Replacing the wiring
sounded simple enough when I got started, but I eventually figured out
that just putting new wires where the old ones had been wasn't going to
cut it. I couldn't match the existing wiring up to the
diagrams in the parts book, and there was no existing wiring at all
connected to the
generator.
The generator had a voltage regulator mounted on top of it, but
the tractor had evidently started life with a cutout relay instead.
A cutout relay lets current flow from the generator to
the battery but prevents it from going the other way, so you can charge
the battery up but it won't just drain back down through the generator.
The tractor operator controls the charging rate with the
light switch, which has four positions: High, Low, Dim, and
Bright.
If the lights are on (Dim or Bright), the generator charges
the battery at the high
rate. If the lights are off, the generator charges at either
the high or low rate depending on the switch position. Too
little
charging and the battery will run down; too much and the battery can be
damaged. An automatic voltage regulator has the same
basic job as the cutout relay, letting current
flow from the battery to the generator but not the other way around,
but it also solves the under- or over-charging problem. It
lets current flow from the generator to the battery whenever the battery
voltage is lower than it ought to be, but then stops as soon
as the battery is charged back up.
With a regulator there's no need for the operator to manually control
the charging rate, so the wiring
between the switch and the regulator is a little different than it
would be for a cutout relay. And there's
no need for the High and Low positions on the light switch.
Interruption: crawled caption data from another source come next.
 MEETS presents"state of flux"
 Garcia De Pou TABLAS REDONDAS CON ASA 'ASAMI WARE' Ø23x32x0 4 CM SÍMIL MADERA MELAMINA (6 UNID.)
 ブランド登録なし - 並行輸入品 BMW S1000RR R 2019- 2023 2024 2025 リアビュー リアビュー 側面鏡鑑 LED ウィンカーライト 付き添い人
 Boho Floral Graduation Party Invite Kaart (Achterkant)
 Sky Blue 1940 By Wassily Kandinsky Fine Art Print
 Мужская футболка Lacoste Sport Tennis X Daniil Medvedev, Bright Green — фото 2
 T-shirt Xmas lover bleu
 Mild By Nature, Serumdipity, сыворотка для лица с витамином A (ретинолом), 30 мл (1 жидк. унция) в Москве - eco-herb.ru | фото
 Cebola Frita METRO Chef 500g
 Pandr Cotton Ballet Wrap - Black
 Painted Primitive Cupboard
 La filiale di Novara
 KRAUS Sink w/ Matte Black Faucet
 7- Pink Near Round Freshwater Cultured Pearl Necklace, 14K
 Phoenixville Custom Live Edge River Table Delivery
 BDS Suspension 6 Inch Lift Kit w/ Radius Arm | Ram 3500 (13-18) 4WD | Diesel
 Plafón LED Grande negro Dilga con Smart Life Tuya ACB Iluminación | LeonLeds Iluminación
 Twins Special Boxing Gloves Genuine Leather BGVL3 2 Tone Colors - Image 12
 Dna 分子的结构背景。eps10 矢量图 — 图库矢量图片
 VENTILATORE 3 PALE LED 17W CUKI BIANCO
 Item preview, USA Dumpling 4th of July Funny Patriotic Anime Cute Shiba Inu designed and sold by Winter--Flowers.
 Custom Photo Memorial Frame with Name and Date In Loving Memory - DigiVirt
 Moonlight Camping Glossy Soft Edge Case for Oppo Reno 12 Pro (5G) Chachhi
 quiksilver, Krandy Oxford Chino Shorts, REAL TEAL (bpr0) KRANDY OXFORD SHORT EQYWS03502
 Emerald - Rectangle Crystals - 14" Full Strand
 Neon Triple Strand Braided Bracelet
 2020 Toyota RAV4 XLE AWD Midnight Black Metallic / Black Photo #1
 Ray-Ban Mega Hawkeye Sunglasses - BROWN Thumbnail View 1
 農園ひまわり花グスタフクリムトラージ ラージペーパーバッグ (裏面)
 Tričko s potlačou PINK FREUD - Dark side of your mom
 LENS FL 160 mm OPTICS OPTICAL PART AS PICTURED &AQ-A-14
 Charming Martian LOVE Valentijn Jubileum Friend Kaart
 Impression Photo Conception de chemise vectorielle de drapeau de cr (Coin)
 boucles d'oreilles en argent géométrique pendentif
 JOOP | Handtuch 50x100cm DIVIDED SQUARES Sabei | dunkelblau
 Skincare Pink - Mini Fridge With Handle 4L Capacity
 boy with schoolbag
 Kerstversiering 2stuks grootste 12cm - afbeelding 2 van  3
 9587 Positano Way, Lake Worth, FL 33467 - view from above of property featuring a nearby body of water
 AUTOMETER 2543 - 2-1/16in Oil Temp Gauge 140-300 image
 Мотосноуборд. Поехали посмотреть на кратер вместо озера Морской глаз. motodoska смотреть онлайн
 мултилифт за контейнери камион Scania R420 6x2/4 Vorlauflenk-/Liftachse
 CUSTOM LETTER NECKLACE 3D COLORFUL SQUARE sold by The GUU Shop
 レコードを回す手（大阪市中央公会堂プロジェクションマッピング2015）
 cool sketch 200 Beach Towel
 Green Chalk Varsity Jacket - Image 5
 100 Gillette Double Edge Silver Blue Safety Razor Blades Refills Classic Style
(On tractors that came equipped from the factory with a
voltage regulator, the switch was truly just a light switch, and had
only three positions: Off, Dim, and Bright). My
tractor still had the four-position switch.
Not really understanding all this at the time, I ran new wires to the
regulator and hooked them up the way you should for a tractor with a
regulator, and then hooked up the other ends of the wires to the switch
the way you should for a tractor with a cutout relay. That
had the unfortunate effect of creating a direct short to ground, which
made some wires get really hot and made me re-think just how smart a
mechanic I was. With the generous help
of several folks on the ATIS
e-mail lists, and with
Robert
Melville's Farmall wiring diagrams,
I disconnected the High/Low part of the light switch and wired the rest
of it as if it were a three-position switch, and all was well.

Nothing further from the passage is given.